The Second Woman
Bouffes du Nord • Paris • 22/12/2012
Ensemble Court-circuit
Jean Deroyer (dm) Guillaume Vincent (ms) Marion Stoufflet (dr) James Brandily (sc) Fanny Brouste (c) Sébastien Michaud (l) |
|
Fort de son Grand Prix de la Critique en tant que "Meilleure Création d'un compositeur français" en 2011, The second woman méritait d'être repris pour trouver le public qui l'aurait raté lors de sa création. Il s'agit d'un spectacle complexe, unifié sur le plan sonore par l'amplification permanente (complétée par l'échantillonnage et la répétition), sur le plan visuel par le lieu et les rideaux qui lui ont été ajoutés (pour mieux les faire tomber), sur le plan humain par ses interprètes, lesquels ont nourri l'écriture au fil des répétitions... Répétitions et coulisses sont au coeur du spectacle, comme la confrontation entre les interprètes (avec leurs états d'âme pas forcément passionnants) et leurs rôles (pas très définis puisqu'on répète).
C'est l'éternel duel entre la voix "lyrique" et la voix de "variété", chacune ayant ses adorateurs et ses détracteurs, mais la chanteuse pop est forcément plus sexy, elle sait bouger son bassin, elle ! Dans son registre, chacune est contrainte de jouer d'abord sa propre caricature : Jeanne Cherhal qui crie sur la gorge dans un mauvais anglais, Elizabeth Calleo qui doit émettre un son "lyrique" ampoulé... Puis chacune a le droit de bien chanter, toujours dans son style, et Elizabeth Calleo a enfin l'autorisation, consécration suprême, de montrer qu'elle peut aussi chanter en voix de poitrine et sans vibrato !
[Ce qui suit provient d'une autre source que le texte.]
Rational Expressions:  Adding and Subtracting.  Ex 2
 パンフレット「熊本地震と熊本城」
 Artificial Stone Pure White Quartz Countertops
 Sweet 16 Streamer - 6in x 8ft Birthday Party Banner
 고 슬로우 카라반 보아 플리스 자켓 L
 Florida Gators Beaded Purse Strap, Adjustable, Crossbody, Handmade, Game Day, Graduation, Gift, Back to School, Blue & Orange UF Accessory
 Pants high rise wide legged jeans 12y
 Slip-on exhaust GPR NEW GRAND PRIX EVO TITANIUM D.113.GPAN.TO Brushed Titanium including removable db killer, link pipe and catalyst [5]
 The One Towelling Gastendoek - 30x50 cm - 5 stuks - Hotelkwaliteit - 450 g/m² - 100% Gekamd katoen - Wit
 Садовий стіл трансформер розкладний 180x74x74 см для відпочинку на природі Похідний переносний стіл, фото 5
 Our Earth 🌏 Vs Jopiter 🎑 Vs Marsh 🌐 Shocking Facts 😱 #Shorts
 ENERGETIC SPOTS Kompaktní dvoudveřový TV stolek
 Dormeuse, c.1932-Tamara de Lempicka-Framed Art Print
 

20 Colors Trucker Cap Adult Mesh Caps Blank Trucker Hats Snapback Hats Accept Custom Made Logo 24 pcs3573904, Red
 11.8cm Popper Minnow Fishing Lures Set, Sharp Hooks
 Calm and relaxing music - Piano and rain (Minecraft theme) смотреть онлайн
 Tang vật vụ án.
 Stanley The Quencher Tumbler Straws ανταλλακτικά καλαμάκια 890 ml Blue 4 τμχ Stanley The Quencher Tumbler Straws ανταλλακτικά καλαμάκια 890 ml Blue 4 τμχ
Un "metteur en scène" est l'occasion de quelques scènes bien caricaturées. L'histoire (répétée sans peur de l'ennui) tourne autour d'une vague trame de viol de la soeur brune de la soprano blonde, elle aussi soprano, et même, dit le programme, "colorature". C'est l'occasion d'échantillonner le duo des fleurs de Lakmé et autres tubes lyriques, avec d'amusants effets de décalages entre les voix. à part ça, on ne sait pas trop quel est le style propre de Frédéric Verrières, dont l'orchestre apparaît enfin quand la cantatrice neurasthénique blonde fait tomber le rideau. Une filiation Steve Reich - John Adams? La réalisation visuelle, quant à elle, serait sans doute plus séduisante en n'étant pas placé sur l'extrême côté de la scène, derrière le piano.
Une recherche intéressante sinon originale, apte à séduire sans doute davantage un public venant du théâtre, mais en tout cas aussi riche que n'importe quelle commande de l'Opéra de Paris.